Sequence to Sequence 模型（Seq2Seq Models）

ByWayne
15/03/2025

Attention 透過讓模型在每次產生輸出時分別查看輸入的不同部分來解決此問題。它不是使用單一的輸入 summary，而是使用一組權重來表示在預測下一個輸出時輸入的每個部分應該有多重要。因此，attention model 使神經網路能夠根據上下文動態調整輸入 sequence 中各元素的重要性。

注意力機制中兩種著名的類型是 Bahdanau Attention 和 Luong Attention。

Bahdanau Attention

由 D. Bahdanau et al. 在 2015 年提出，也因此被稱為 Bahdanau attention。它使用一個 alignment model 來計算 decoder 的前一個 hidden state 與每個 encoder 的 hidden state 之間的 alignment scores，然後透過應用這些 attention weights 來產成 context vector。

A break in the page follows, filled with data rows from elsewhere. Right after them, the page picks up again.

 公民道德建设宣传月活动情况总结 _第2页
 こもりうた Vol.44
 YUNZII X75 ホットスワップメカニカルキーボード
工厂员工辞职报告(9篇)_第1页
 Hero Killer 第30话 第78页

下圖是一個 Bahdanau attention 模型。我們在 encoder 裡使用一層 bi-directional GRU（BiGRU），而在 decoder 則是使用一層 uni-directional GRU。在該 paper 中，Bahdanau 使用一個非常類似於 GRU 的模型，因此我們這邊直接使用 GRU。當然，encoder 和 decoder 也可以使用其他的 RNN 模型，也可以是 multi-layers 的 RNN。當 encoder 使用 bi-directional RNN 時，那我們要將它 forward 和 backward 的 hidden state 垂直地堆疊起來。

在 encoder 輸出所有的 hidden states 後，我們用以下的式子來計算 context vector。對於 context vector $c_i$ ，先用 alignment model $a$ 先計算在 time step $i$ 對每個 encoder hidden state $h_j$ 的 energy $e_{ij}$ 。Alignment model $a$ 對在位置 $j$ 周圍的輸入和位置 $i$ 的輸出之間進行匹配評分。這個 $e_{ij}$ 就是 alignment score。然後，再用 softmax 計算對每個 encoder hidden state $h_j$ 的 weight $\alpha_{ij}$ 。這個 weight $\alpha_{ij}$ 可以決定每個 encoder hidden state $h_j$ 對 context vector $c_i$ 的重要性，因此將它們相乘後在相加就是最後的 context vector。

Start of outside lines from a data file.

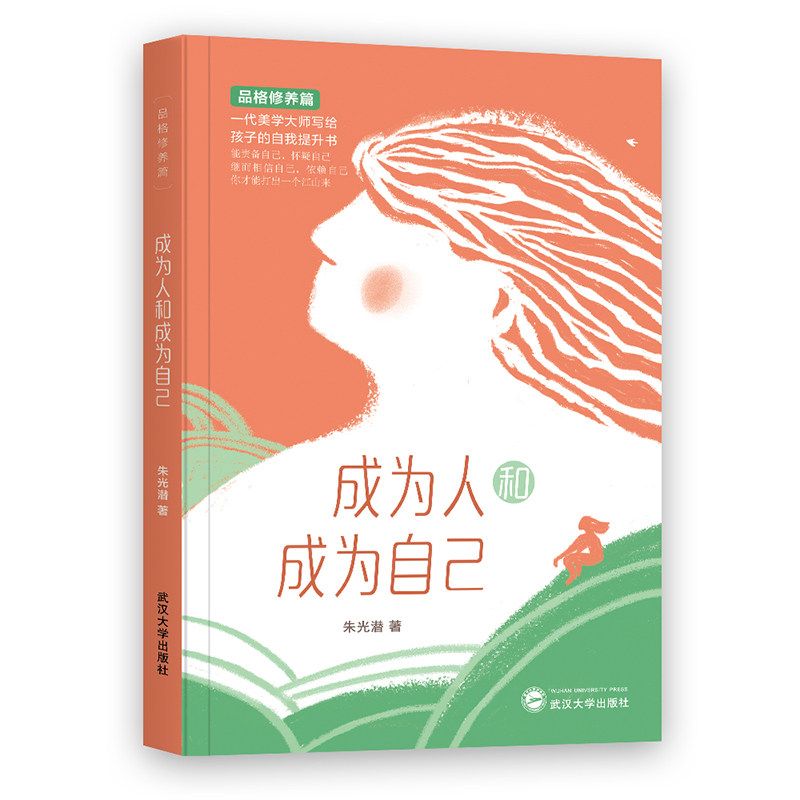 成为人和成为自己高性价比高么？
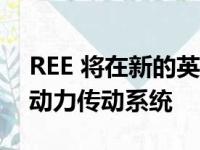 REE 将在新的英国工厂制造创新的电动汽车动力传动系统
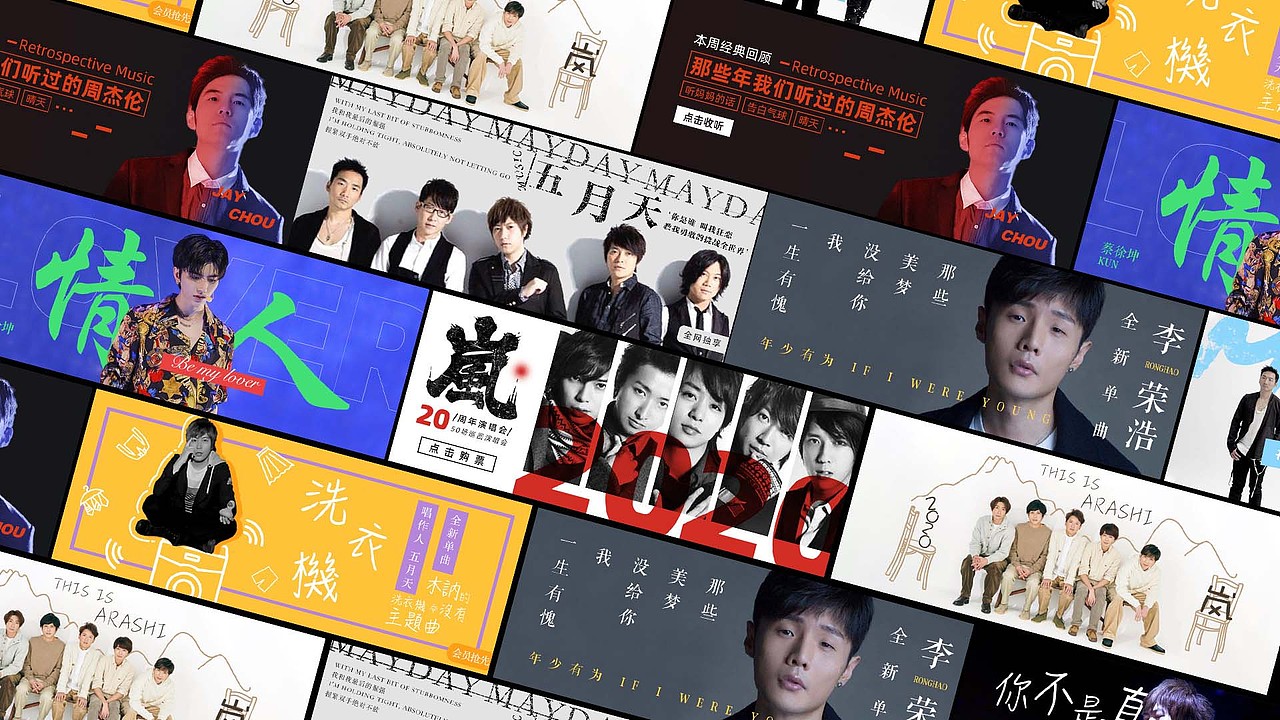 2020-2021 UI设计作品集（图ZMjcxOTYwMTc2） - APP界面 - 站酷设计师一只大凤梨原创素材 - 站酷ZCOOL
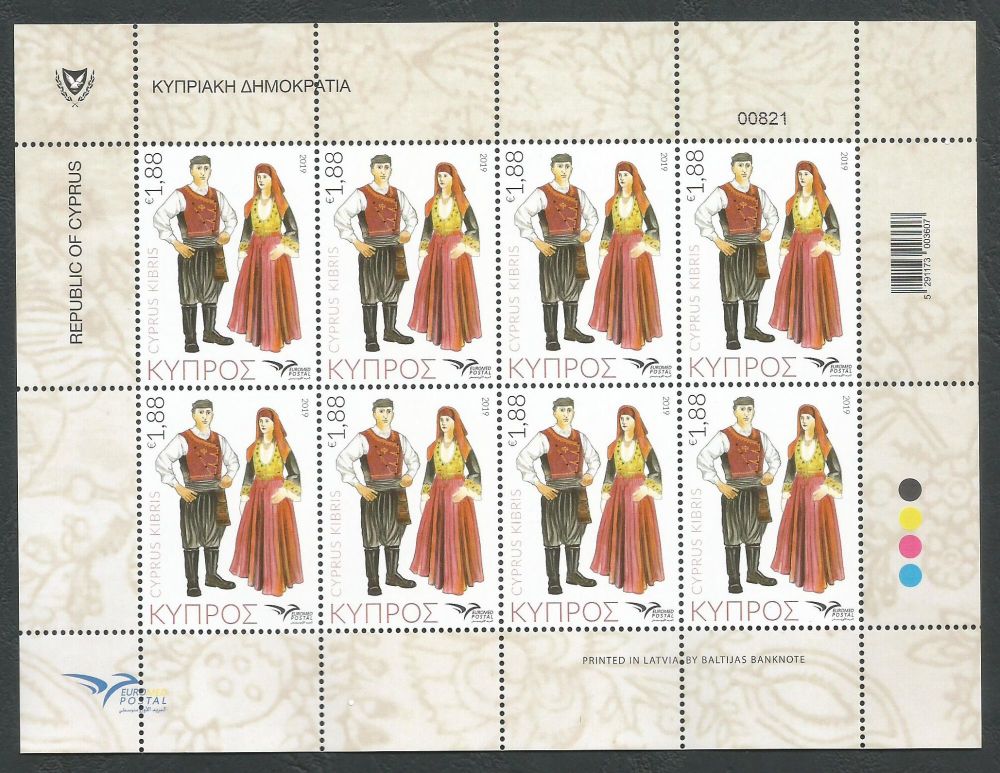 Cyprus Stamps SG 2019 (f) Euromed Costumes of the Mediterranean - Full shee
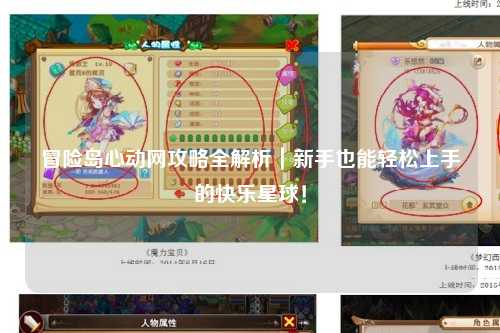 冒险岛心动网攻略全解析|新手也能轻松上手的快乐星球!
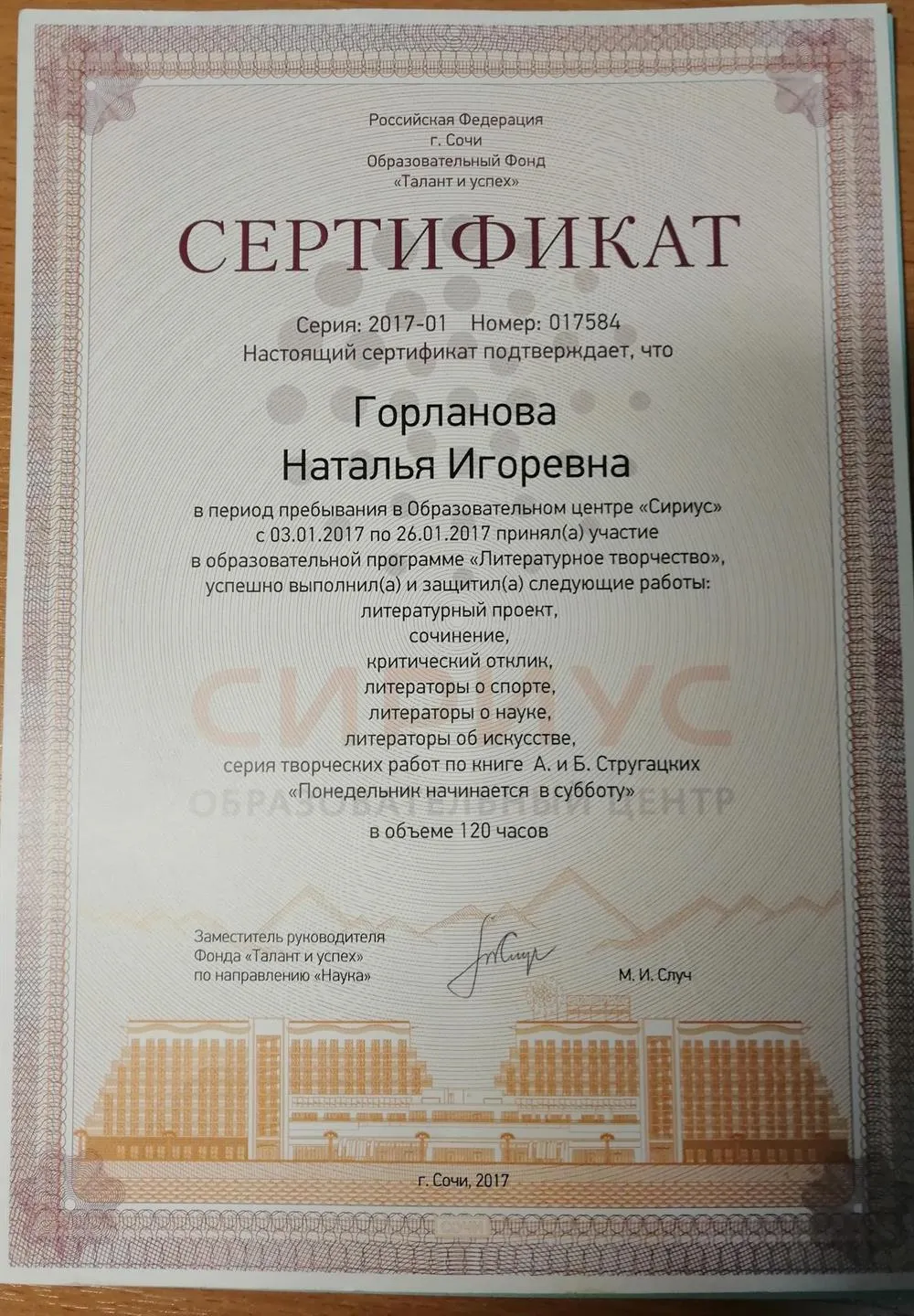 Сертификат об участии в образовательной программе " Литературное творчество" в Образовательном центре для одаренных детей "СИРИУС"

$c_i=\displaystyle\sum_{j=1}^{T_x}\alpha_{ij}h_j \\\\ \alpha_{ij}=\frac{\exp(e_{ij})}{\sum_{k=1}^{T_x}\exp(e_{ik})} \\\\ e_{ij}=a(s_{i-1},h_j) \\\\ a(s_{i-1},h_j)=v_a^T\tanh(W_as_{i-1}+U_ah_j)$

最後，計算出來的 context vector $c_i$ 、上一個輸出 $y_{i-1}$ 、和一個 decoder hidden state $s_{i-1}$ 會作為目前 time step 的 RNN 的輸入。

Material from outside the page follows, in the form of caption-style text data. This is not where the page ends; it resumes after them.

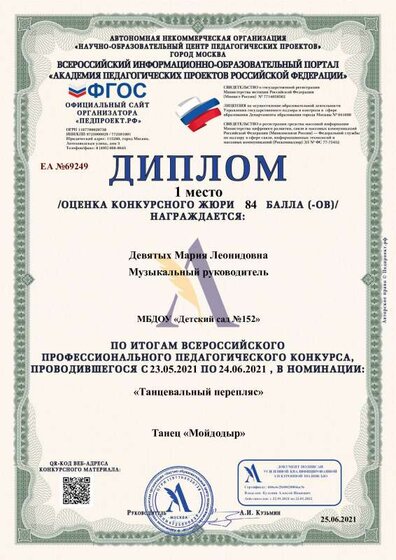 Диплом-ЕА №69249-25.06.2021.pdf.jpeg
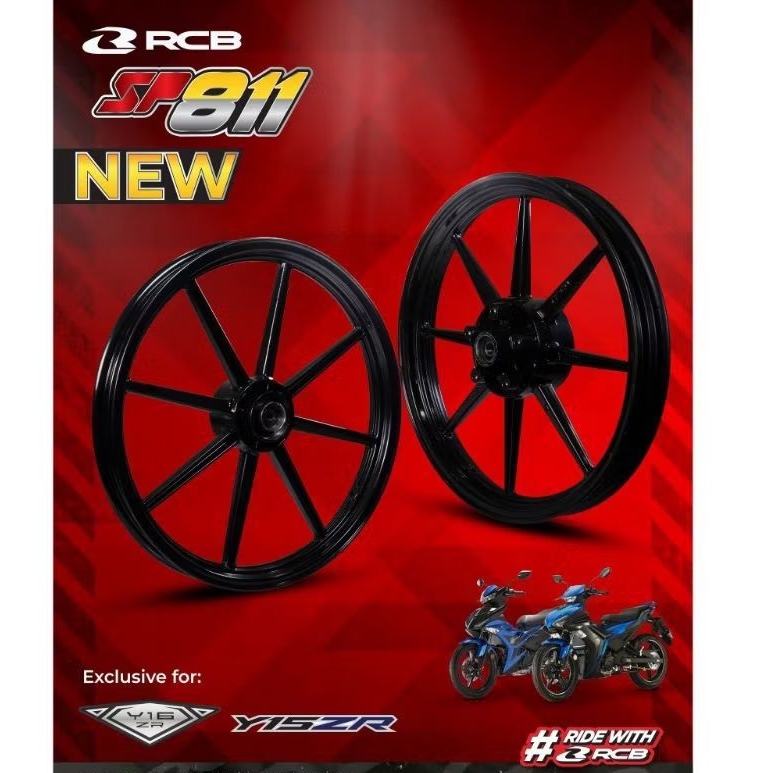 ORIGINAL RCB SPORT RIM SP811 MX-KING 1.60/1.85-17 | VELG RCB UNTUK MX KING SP811 DIJAMIN ORIGINAL 10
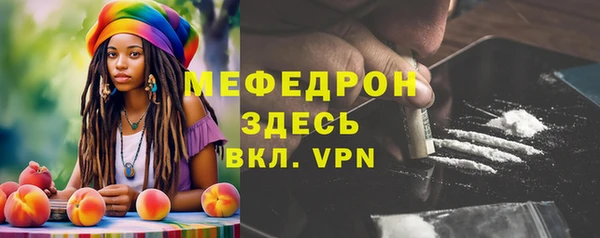 PSILOCYBIN Алексин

$p(y_i|y_1,\cdots,y_{i-1},X)=g(y_{i-1},s_i,c_i) \\\\ s_i=f(s_{i-1},y_{i-1},c_i)$

Alignment model $a$ 是一個前饋神經網路（feed-forward neural network），並與系統所有的 components 一起進行聯合訓練。它將 $s_{i-1}$ 和 $h_j$ 先經過 linear transformations 後，再將它們相加起來。因此 Bahdanau attention 也被稱為 additive attention。

Bahdanau Attention 實作

現在我們來實作上圖中的 Bahdanau attention 模型。以下是 encoder 的實作，它使用一個 bi-directional GRU（BiGRU）。我們在最後使用一個 full connected layer 來轉換 encoder hidden states 的維度，使得符合 decoder 的預期維度。

class BahdanauAttentionEncoder(nn.Module):
    def __init__(self, input_dim, embed_dim, encoder_hidden_dim, decoder_hidden_dim):
        super(BahdanauAttentionEncoder, self).__init__()
        self.embedding = nn.Embedding(input_dim, embed_dim)
        self.gru = nn.GRU(embed_dim, encoder_hidden_dim, num_layers=1, batch_first=True, bidirectional=True)
        self.fc = nn.Linear(encoder_hidden_dim * 2, decoder_hidden_dim)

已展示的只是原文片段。